• [TASK TO COMPLETE]: Write out all of the records exactly once more and skip the images.
- Opening Delimiter -
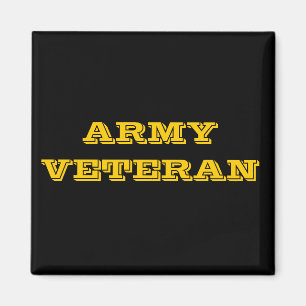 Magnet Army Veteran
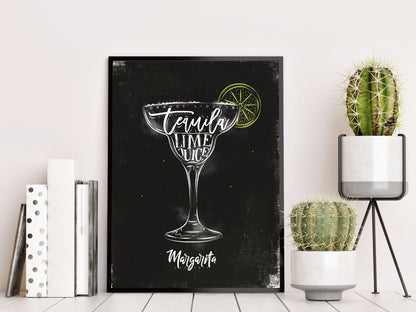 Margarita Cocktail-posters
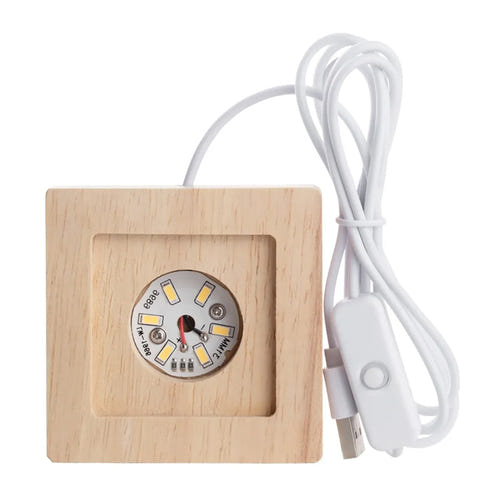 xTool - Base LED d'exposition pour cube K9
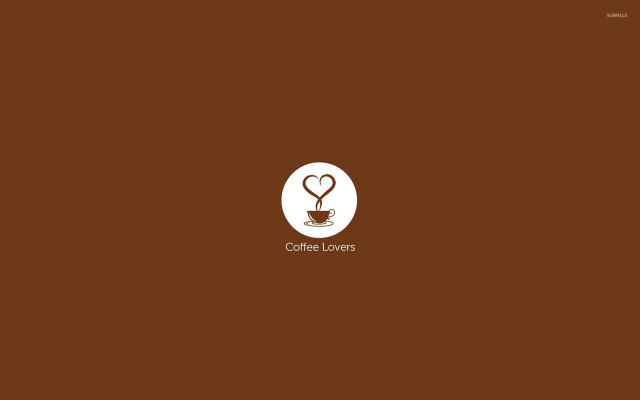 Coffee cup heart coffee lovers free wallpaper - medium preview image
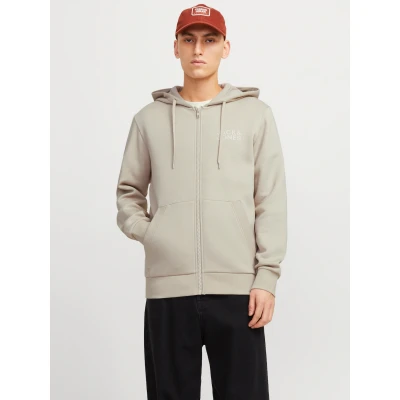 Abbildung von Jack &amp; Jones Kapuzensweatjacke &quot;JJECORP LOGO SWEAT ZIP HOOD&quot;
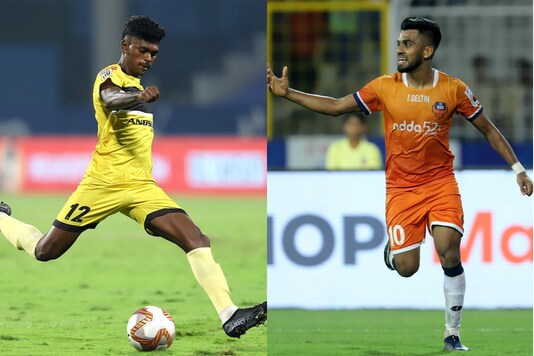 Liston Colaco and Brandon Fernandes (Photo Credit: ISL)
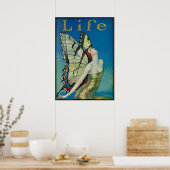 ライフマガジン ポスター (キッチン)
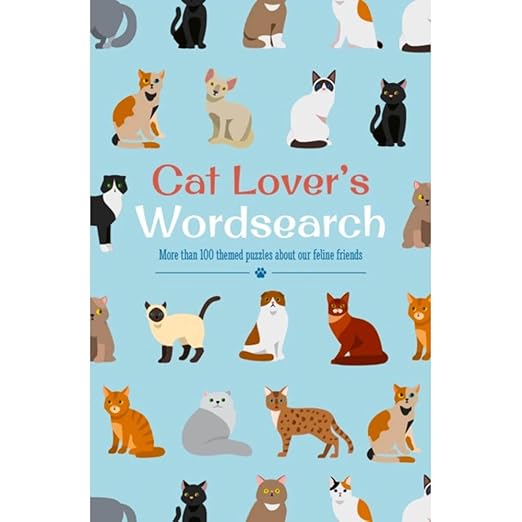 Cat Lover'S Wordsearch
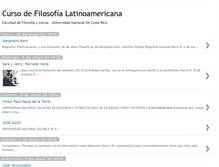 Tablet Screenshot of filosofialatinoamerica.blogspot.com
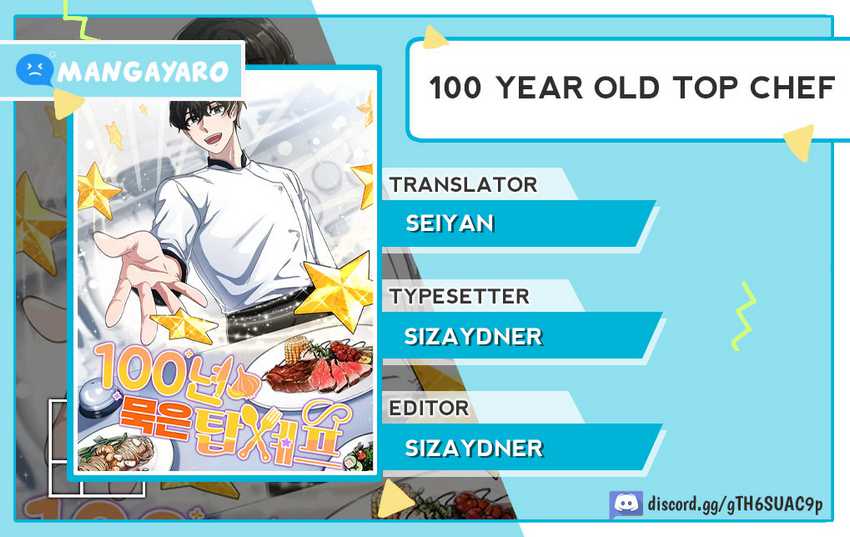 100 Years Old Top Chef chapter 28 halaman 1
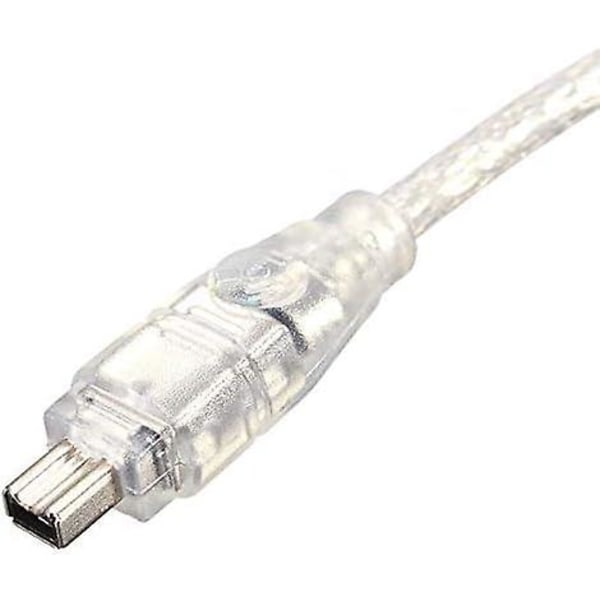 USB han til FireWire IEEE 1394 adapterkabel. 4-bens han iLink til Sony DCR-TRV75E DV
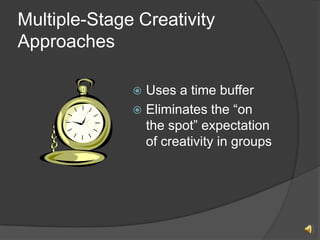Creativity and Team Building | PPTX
- Closing Delimiter -
• [WRITTEN SOLUTION]:
 Magnet Army Veteran
 Margarita Cocktail-posters
 xTool - Base LED d'exposition pour cube K9
 Coffee cup heart coffee lovers free wallpaper - medium preview image
 Abbildung von Jack &amp; Jones Kapuzensweatjacke &quot;JJECORP LOGO SWEAT ZIP HOOD&quot;
 Liston Colaco and Brandon Fernandes (Photo Credit: ISL)
 ライフマガジン ポスター (キッチン)
 Cat Lover'S Wordsearch
 Tablet Screenshot of filosofialatinoamerica.blogspot.com
 100 Years Old Top Chef chapter 28 halaman 1
 USB han til FireWire IEEE 1394 adapterkabel. 4-bens han iLink til Sony DCR-TRV75E DV
Creativity and Team Building | PPTX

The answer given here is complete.